Extracted data:
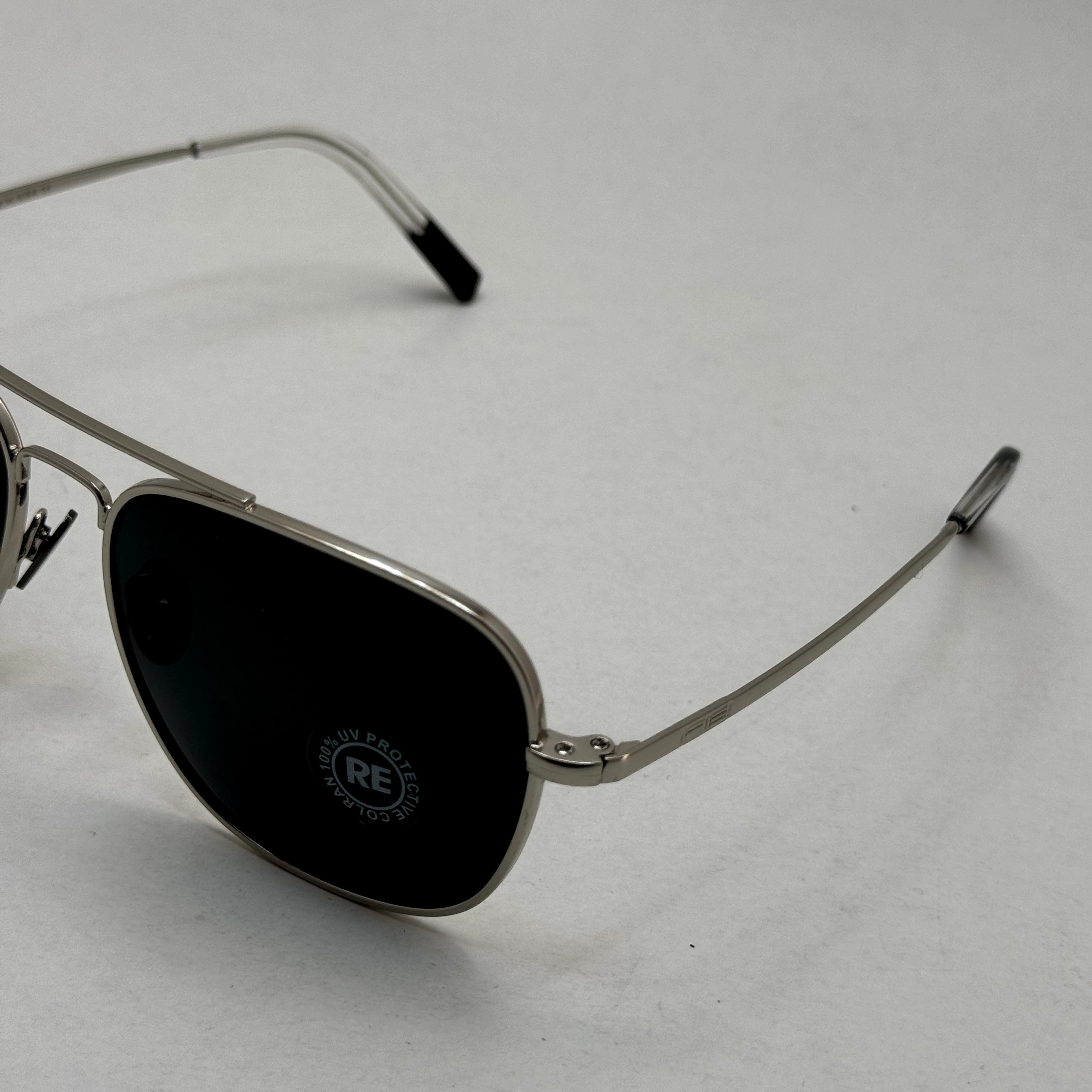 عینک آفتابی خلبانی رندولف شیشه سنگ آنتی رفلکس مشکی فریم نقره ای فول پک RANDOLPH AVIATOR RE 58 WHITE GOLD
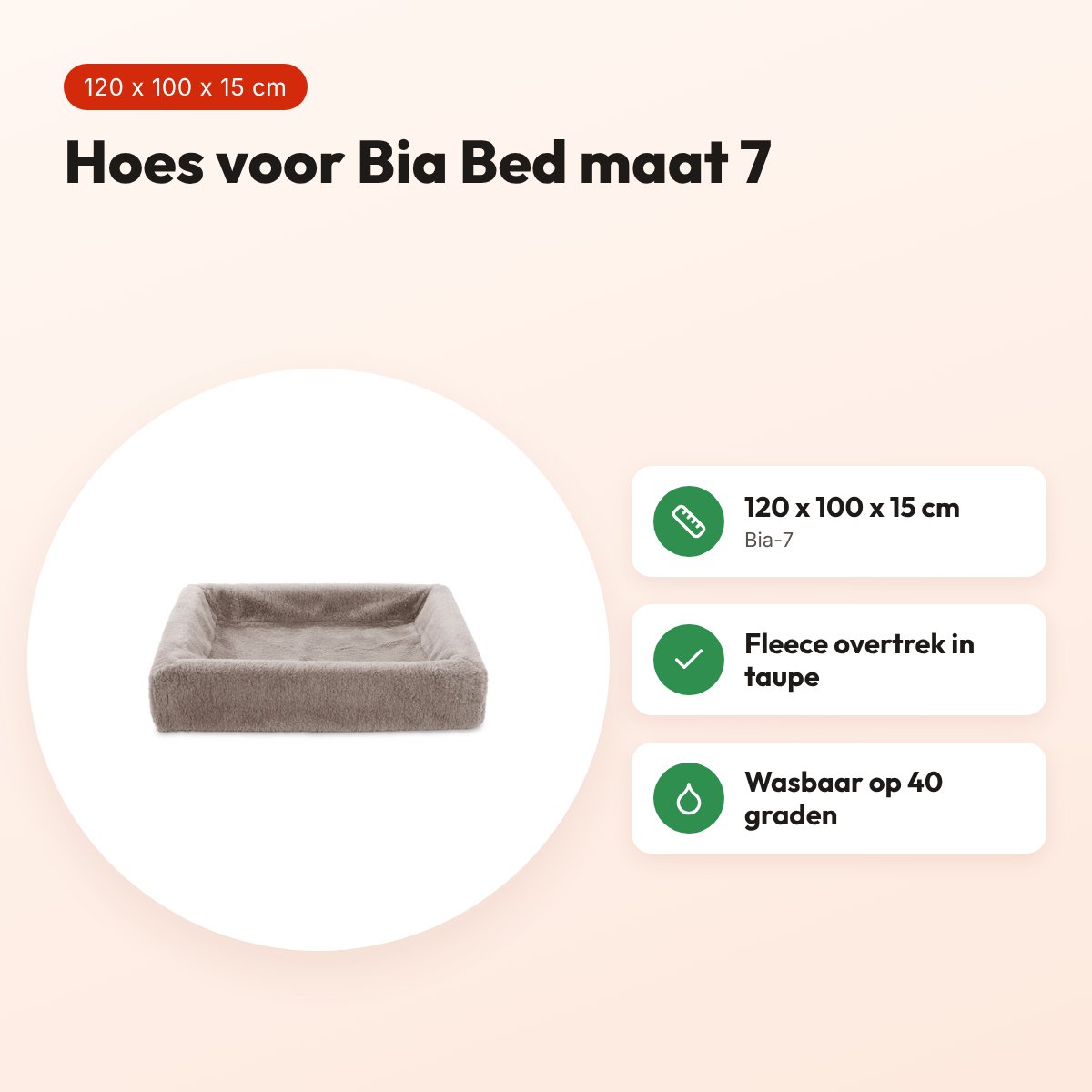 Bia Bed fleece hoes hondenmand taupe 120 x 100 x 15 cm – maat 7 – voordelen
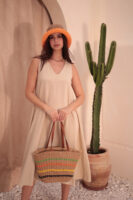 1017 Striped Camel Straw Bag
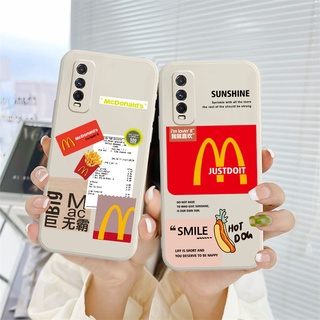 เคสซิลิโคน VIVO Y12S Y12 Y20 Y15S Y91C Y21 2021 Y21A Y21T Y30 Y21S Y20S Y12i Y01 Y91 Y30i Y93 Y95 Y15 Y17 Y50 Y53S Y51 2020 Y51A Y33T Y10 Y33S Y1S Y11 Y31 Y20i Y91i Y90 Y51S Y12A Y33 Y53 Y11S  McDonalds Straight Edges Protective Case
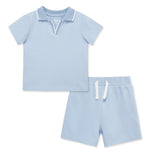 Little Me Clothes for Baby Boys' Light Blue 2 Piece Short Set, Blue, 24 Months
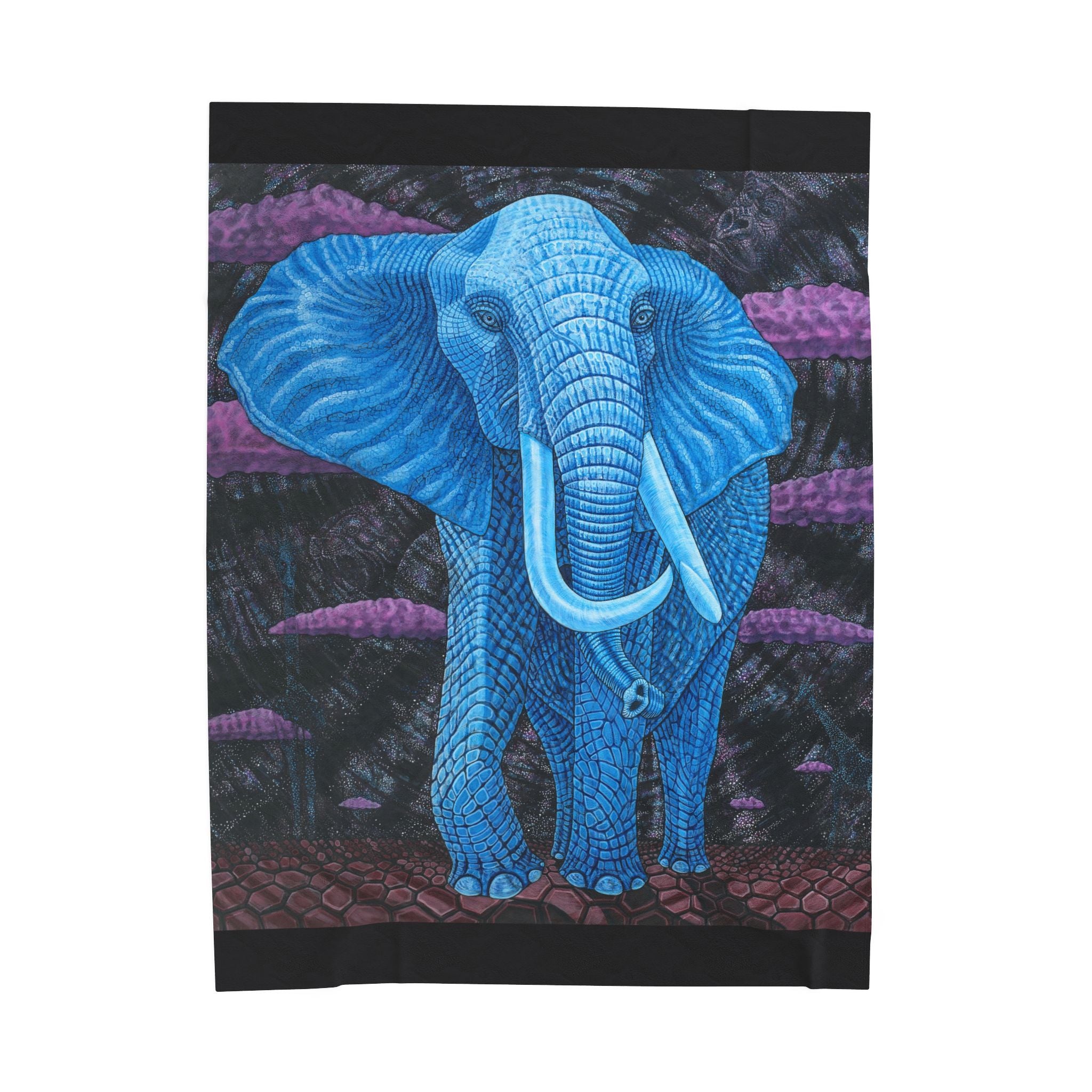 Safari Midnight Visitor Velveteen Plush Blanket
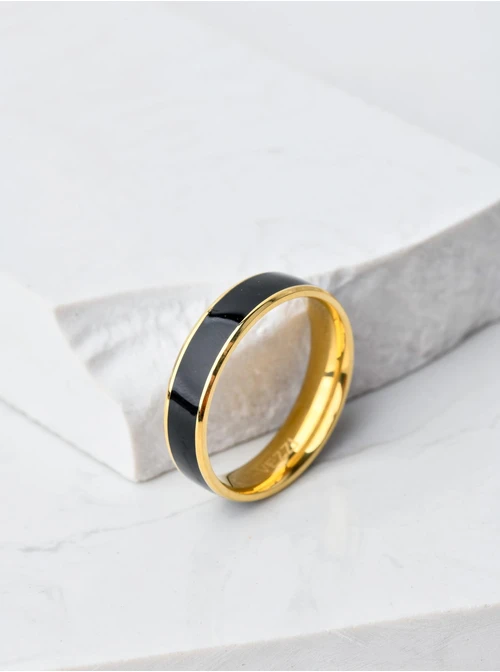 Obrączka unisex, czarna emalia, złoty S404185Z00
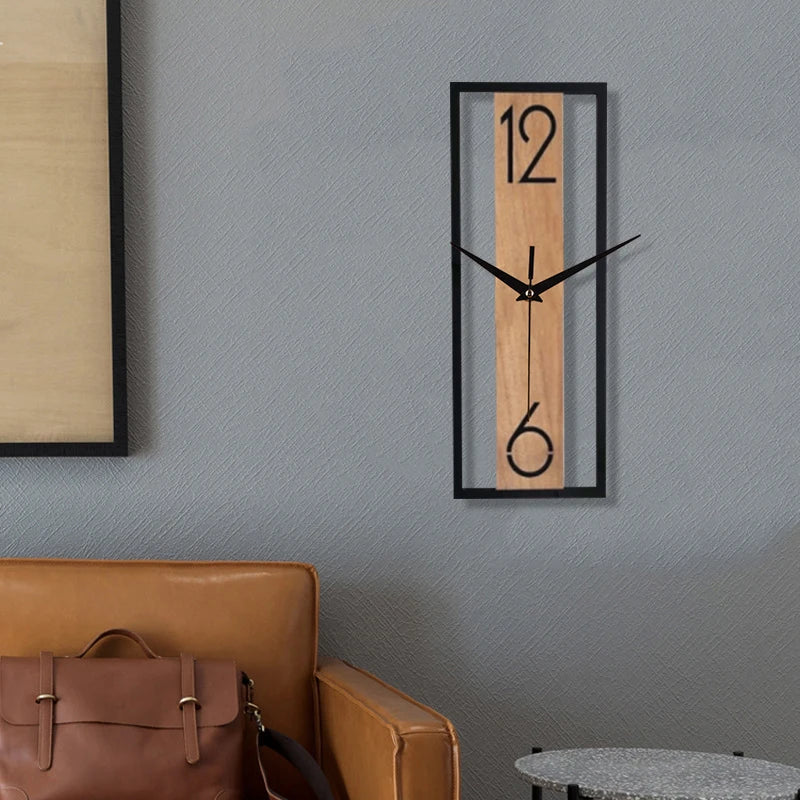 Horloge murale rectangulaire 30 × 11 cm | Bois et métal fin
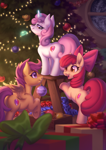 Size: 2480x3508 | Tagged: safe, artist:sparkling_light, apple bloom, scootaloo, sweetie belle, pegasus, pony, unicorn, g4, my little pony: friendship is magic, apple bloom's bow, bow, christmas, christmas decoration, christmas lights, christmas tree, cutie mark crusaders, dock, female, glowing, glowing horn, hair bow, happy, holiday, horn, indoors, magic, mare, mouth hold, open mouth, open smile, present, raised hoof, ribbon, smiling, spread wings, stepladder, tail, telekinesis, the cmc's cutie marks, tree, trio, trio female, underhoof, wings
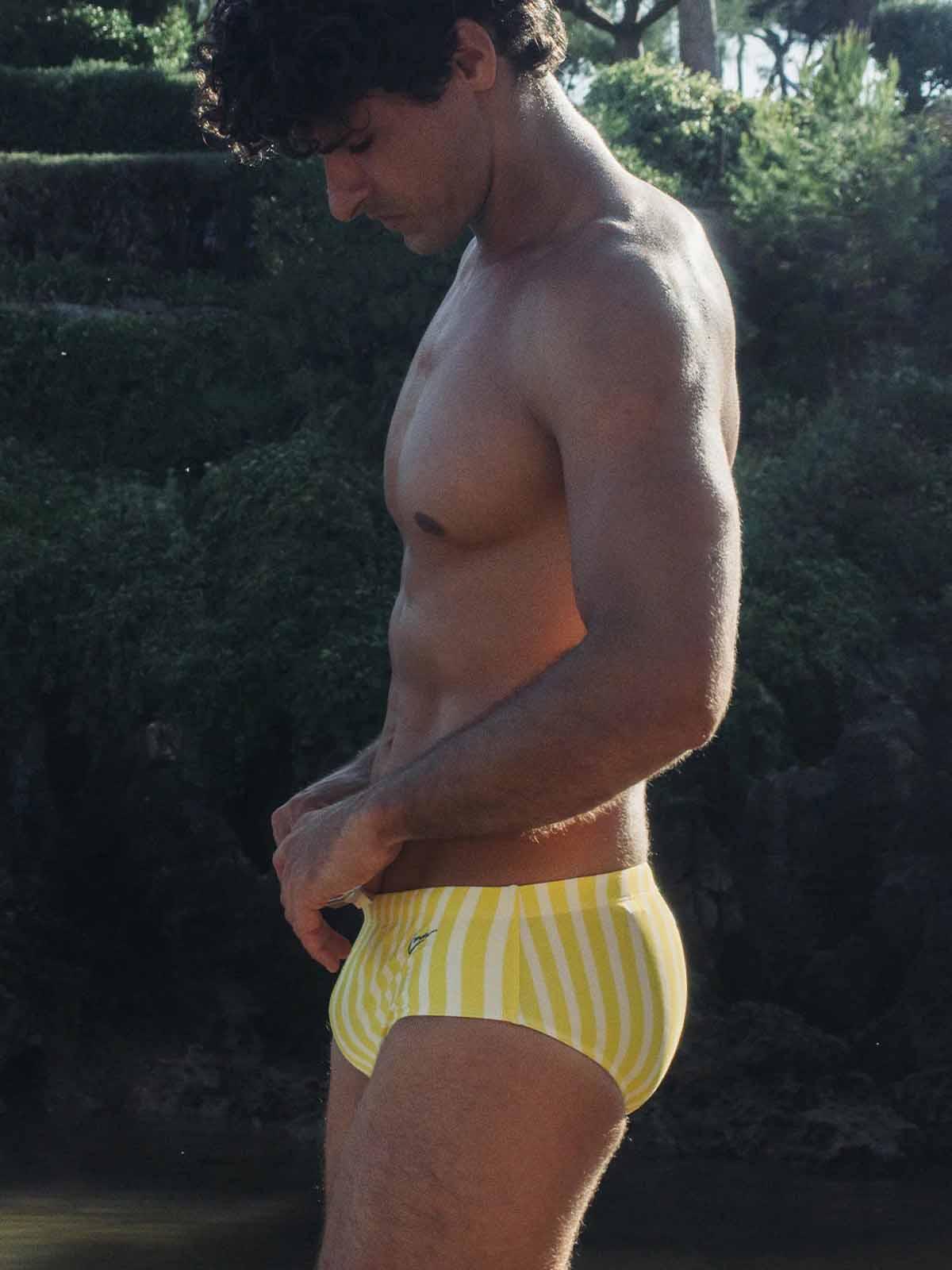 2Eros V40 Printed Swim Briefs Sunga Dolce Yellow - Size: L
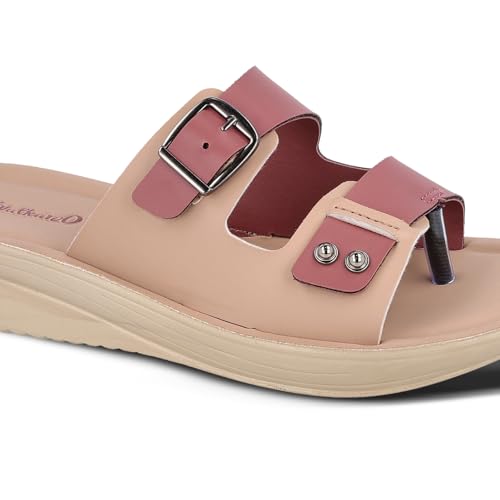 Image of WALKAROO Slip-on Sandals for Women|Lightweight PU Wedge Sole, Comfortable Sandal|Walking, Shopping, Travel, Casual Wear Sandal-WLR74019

Exercise directions: In the copy, leave out all pictures, and retype exactly each line from the one with "Horloge murale rectangulaire" through the last line of the entries.

Finished task:
 Horloge murale rectangulaire 30 × 11 cm | Bois et métal fin
 Size: 2480x3508 | Tagged: safe, artist:sparkling_light, apple bloom, scootaloo, sweetie belle, pegasus, pony, unicorn, g4, my little pony: friendship is magic, apple bloom's bow, bow, christmas, christmas decoration, christmas lights, christmas tree, cutie mark crusaders, dock, female, glowing, glowing horn, hair bow, happy, holiday, horn, indoors, magic, mare, mouth hold, open mouth, open smile, present, raised hoof, ribbon, smiling, spread wings, stepladder, tail, telekinesis, the cmc's cutie marks, tree, trio, trio female, underhoof, wings
 2Eros V40 Printed Swim Briefs Sunga Dolce Yellow - Size: L
 Image of WALKAROO Slip-on Sandals for Women|Lightweight PU Wedge Sole, Comfortable Sandal|Walking, Shopping, Travel, Casual Wear Sandal-WLR74019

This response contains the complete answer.